INSTRUCTIONS FOR THE TASK :: Each entry below is to be restated word for word, with no pictures carried over.

Web page caption snippets ::
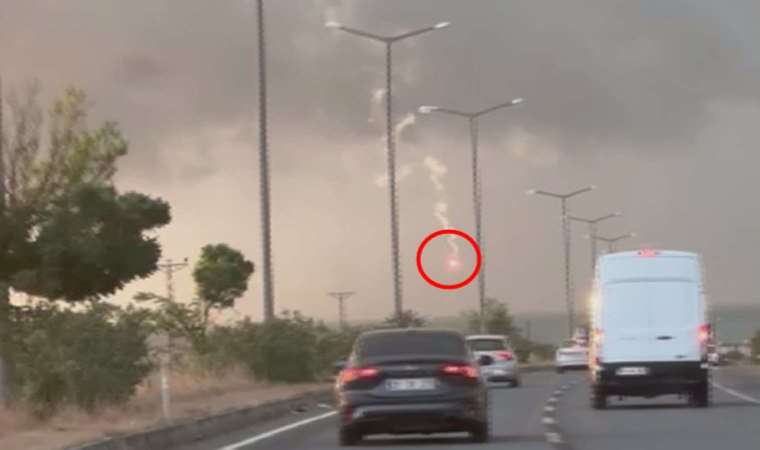 İskenderun'da 'tanımlamayan cisim' paniği: Denizin üzerine düştüğü anlar kamerada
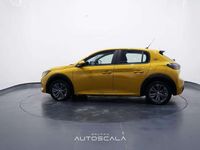 Usata Peugeot 208 Active 56 kW (77 CV) 2021 Giallo faro Utilitaria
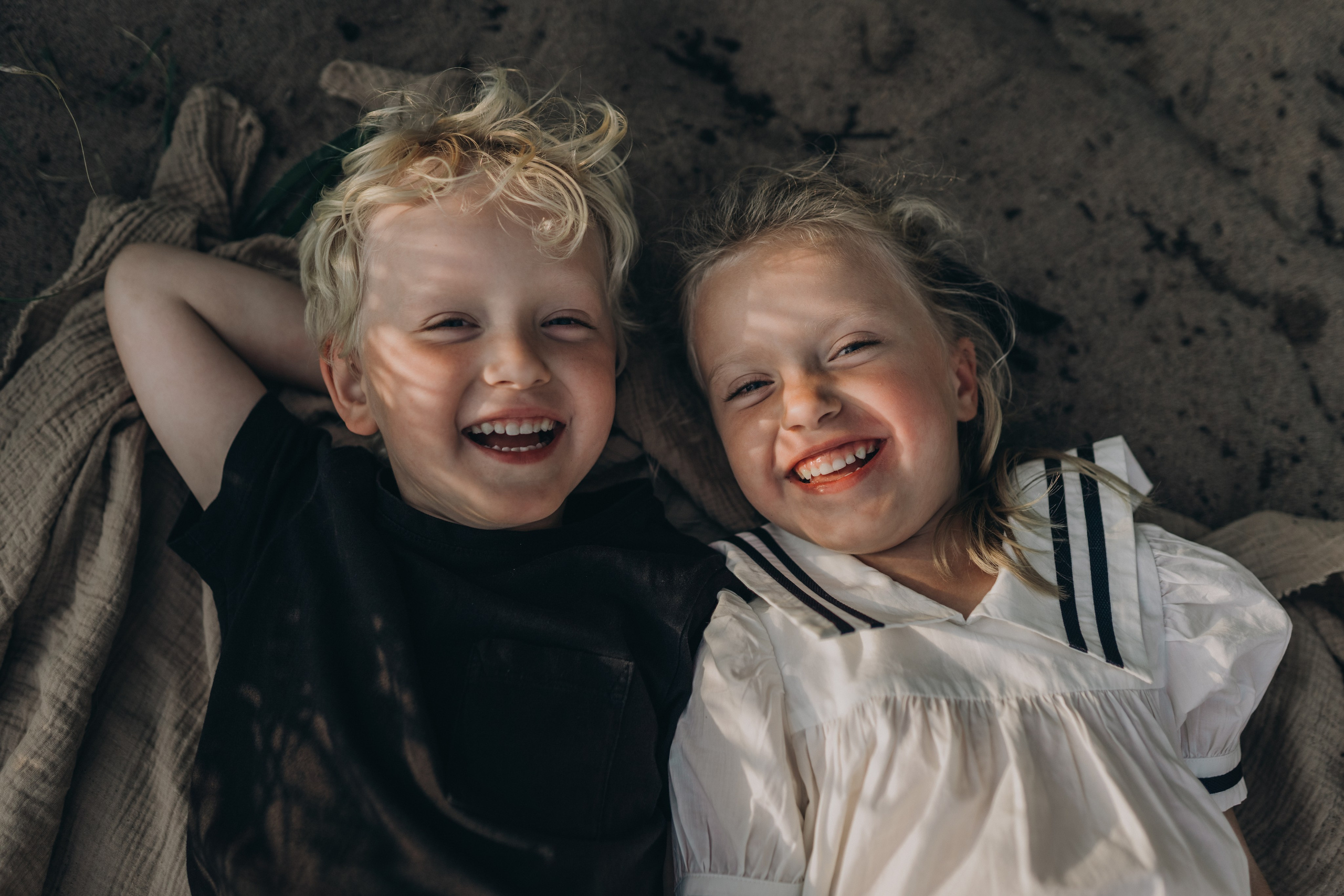 Kids in sand. Maria Gogoleva — Family & Birth Photographer in Helsinki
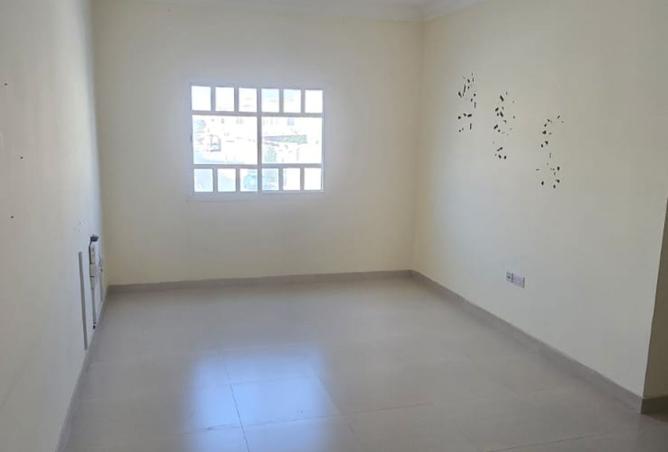 988197 - Property Image 2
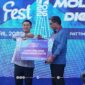 Wali Kota Ambon, Bodewin Wattimena menerima penghargaan dari Bank Indonesia  pada kegiatan Salam FEST 2026, di Pattimura Park, Ambon, Kamis (16/4/2026).  Foto : Istimewa 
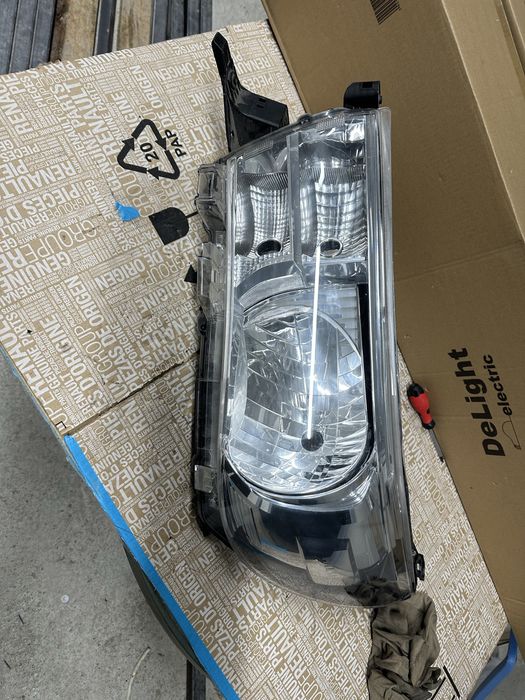 Far stânga toyota hilux.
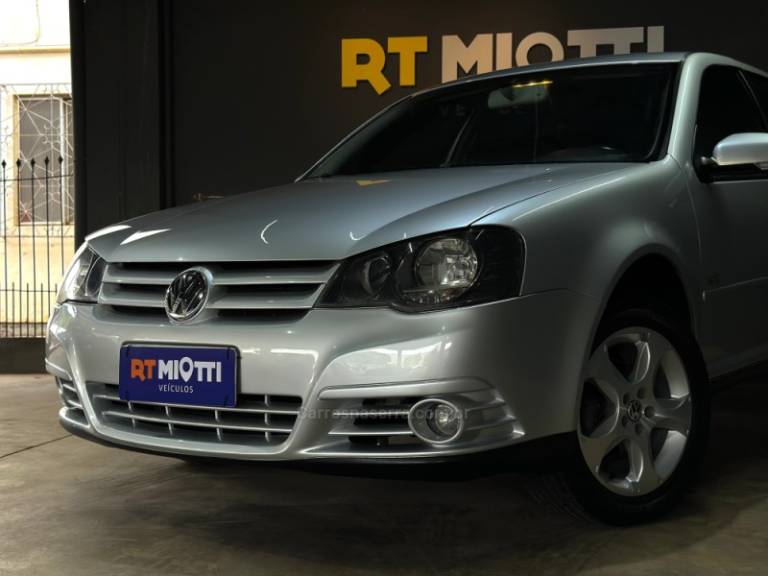 VOLKSWAGEN - GOLF - 2009/2009 - Prata - R$ 49.000,00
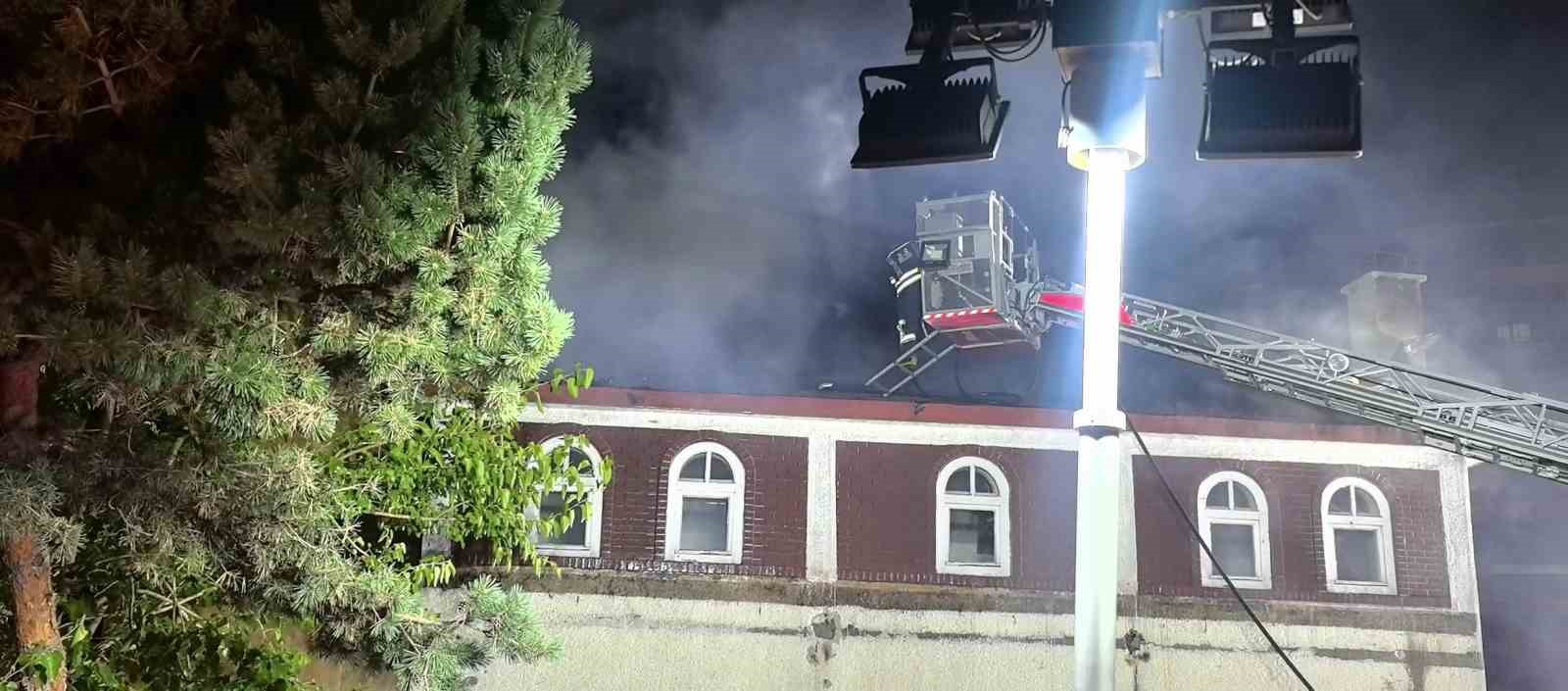 Erzurum&rsquo;da Cami yangını korkuttu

EXERCISE ANSWER ::
 İskenderun'da 'tanımlamayan cisim' paniği: Denizin üzerine düştüğü anlar kamerada
 Usata Peugeot 208 Active 56 kW (77 CV) 2021 Giallo faro Utilitaria
 Kids in sand. Maria Gogoleva — Family & Birth Photographer in Helsinki
 988197 - Property Image 2
 Wali Kota Ambon, Bodewin Wattimena menerima penghargaan dari Bank Indonesia  pada kegiatan Salam FEST 2026, di Pattimura Park, Ambon, Kamis (16/4/2026).  Foto : Istimewa 
 Far stânga toyota hilux.
 VOLKSWAGEN - GOLF - 2009/2009 - Prata - R$ 49.000,00
 Erzurum&rsquo;da Cami yangını korkuttu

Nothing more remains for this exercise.